In September, Prince George City Council approved an updated Snow and Ice Control Policy. Among the changes to the policy, the city snow and ice control program now includes a heavy snowfall declaration to notify residents following heavy snowfalls that crews may take longer than usual to clear the streets and sidewalks.
BC Transit and the City of Prince George announced a fare change and service expansion in the Prince George Transit System. The service expansion serves to extend service hours for the Spruceland, Hart, and Queensway areas with longer service days. Bus riders are now also able to purchase a DayPASS when they board the bus, making it more convenient to ride the bus all day within the Prince George Transit System.
The City of Prince George, BC Housing, PGNFC, and AWAC announced new pilot projects aimed at providing much-needed washroom access and storage facilities for vulnerable and homeless people living in the downtown area. One pilot site, located at 181 Quebec Street, will provide access to storage, washroom, and outreach services. The second pilot site, located at 144 George Street, will provide access to storage, washroom, shower, laundry, and outreach services. These are examples of recent, city-led initiatives or partnerships aimed at reducing homelessness and crime, while increasing safety, health, and security for all residents, and revitalizing the downtown core.
Talktober public events were held October 1 and 2 at the Prince George Conference and Civic Centre. The Mayor, members of council, and staff were on-hand to provide information and answer questions There were displays about the historic development of Prince George and current infrastructure, and staff from the service centre were on-hand to take service requests from residents.
Two studies published in October provided further positive economic news for Prince George. A study by the Conference Board of Canada forecasts that the city’s economy will continue its trend of modest growth over the next few years despite recent negative news from BC’s forest industry. Similarly, a report published by the City of Prince George and conducted by MDB Insight from Vancouver also featured an optimistic forecast for the local economy and businesses in the city while providing recommended strategies for attracting and retaining a talented workforce.
Less than a year after Prince George set records for both the number and total value of building permits in one year, in November the city announced that all new heights had been reached. The total value of building permits issued in Prince George through the end of October, 2019 reached an all-time high of $193.76 million, surpassing the previous high mark of $186.38 million set in 2018 – a four percent increase with two months of the year remaining to be tallied.

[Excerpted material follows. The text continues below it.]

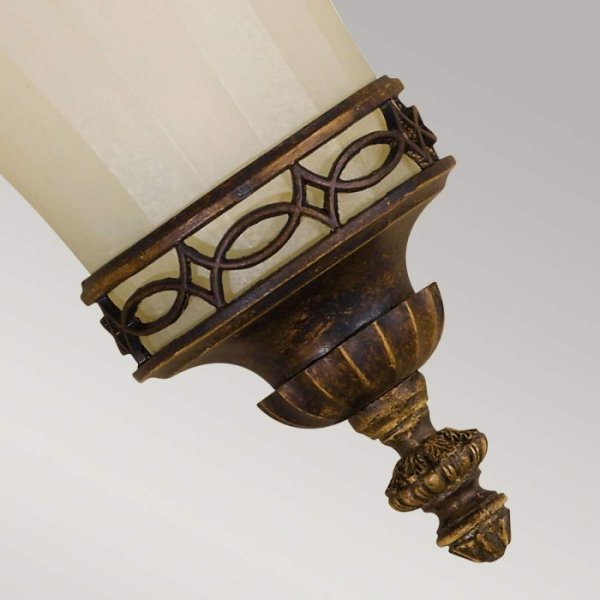 Drawing Room Ø22 Bronze væglampe Fra Elstead Lighting - Ljusk&auml;llan omfamnas av det dekorativa glaset som bidrar med en fin och harmonisk ljusspridning i rummet.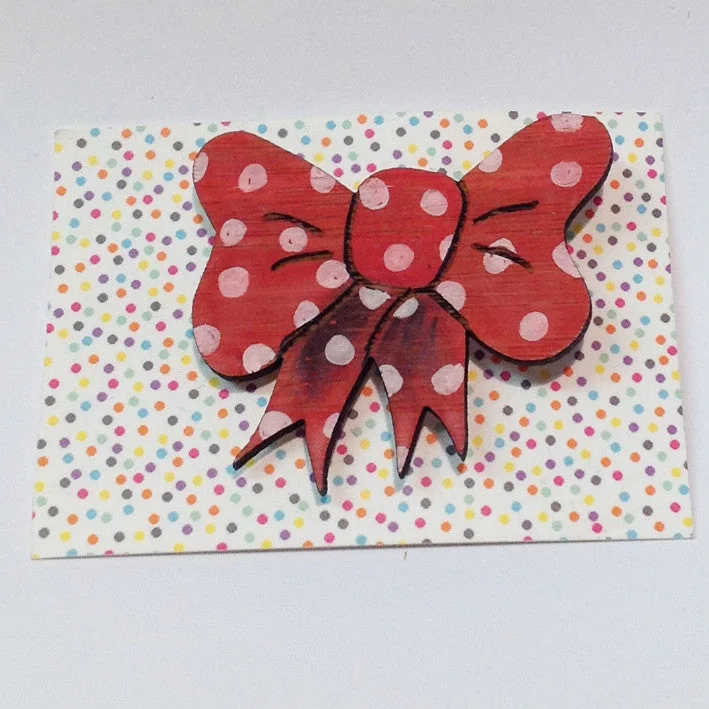 One-Off Brooch: Bow Red 2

The December 2 meeting of Prince George city council held a public consultation with residents to receive feedback from the public on key issues, gaps, and the work needed to address social issues throughout Prince George with a focus on the downtown core. The feedback gathered at the meeting will inform council’s budget deliberations for 2020 as well as the city’s coordination with partners and other levels of government.
During the meeting, council resolved to create a new committee to address the social issues affecting the community. At the December 16 meeting, Council established the new Committee and its Terms of Reference, and encourages residents who are interested and feel they are qualified to put their names forward to be part of the committee.